**What you are asked to do**
Images are to be omitted, and the rest of the records reproduced exactly.

**Data to use**
════════
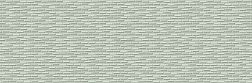 Emigres Fan Kite Verde Rect. Настенная плитка 25x75 см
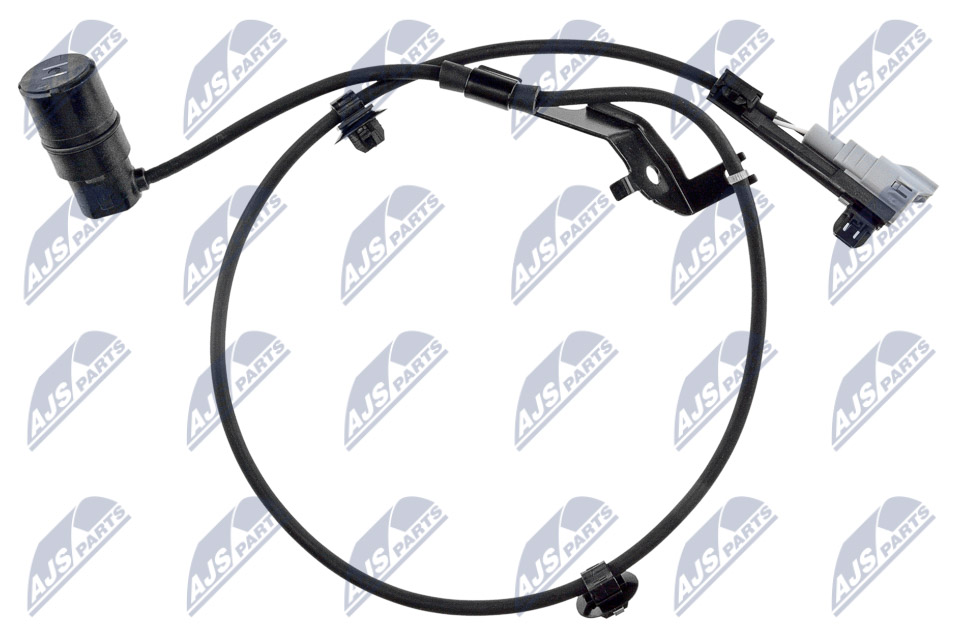 NTY HCA-TY-103 Sensor, Raddrehzahl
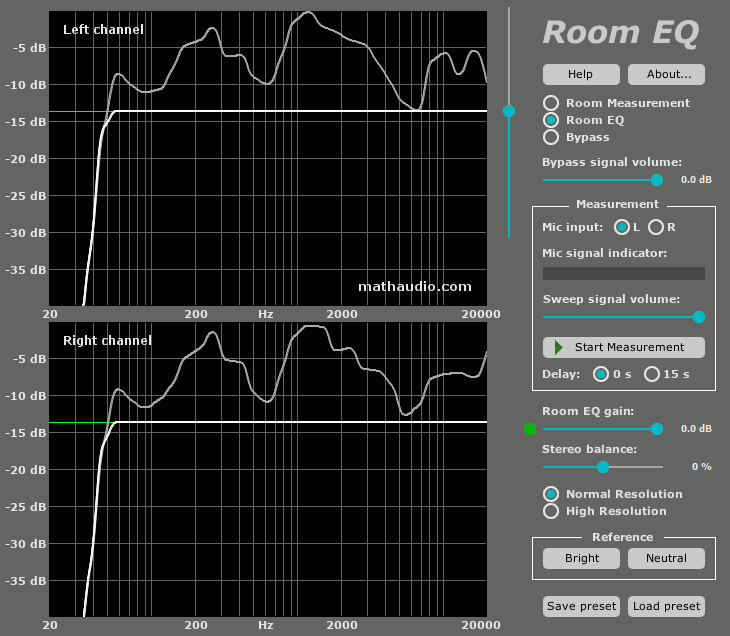 mathaudio-room-eq.png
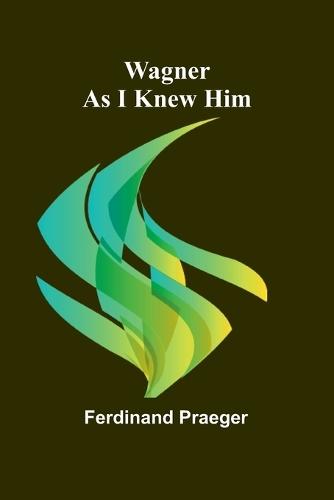 Unitarianism in America A History of its Origin and Development (Edition1)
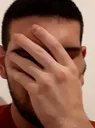 lukafacepalm
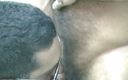 Bareback TV: 털이 무성한 덩어리를 따먹는 경찰관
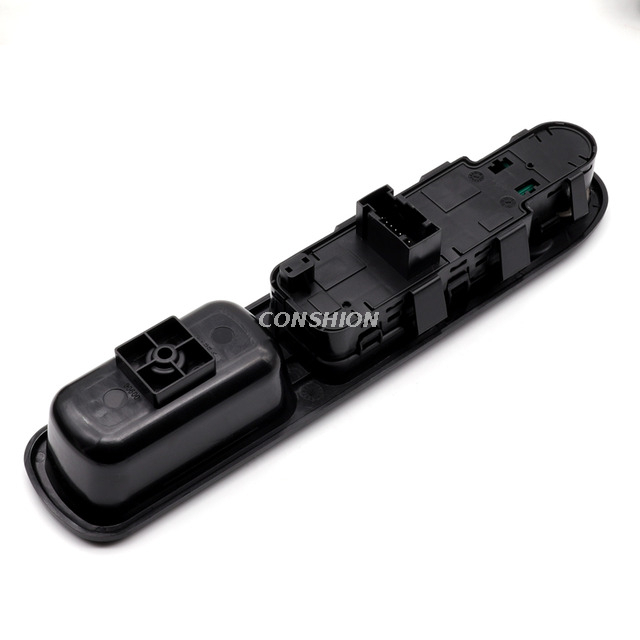 Switch de janela 6554QA - para Peugeot 207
════════
**Task answer**
 Emigres Fan Kite Verde Rect. Настенная плитка 25x75 см
 NTY HCA-TY-103 Sensor, Raddrehzahl
 mathaudio-room-eq.png
 Unitarianism in America A History of its Origin and Development (Edition1)
 lukafacepalm
 Bareback TV: 털이 무성한 덩어리를 따먹는 경찰관
 Switch de janela 6554QA - para Peugeot 207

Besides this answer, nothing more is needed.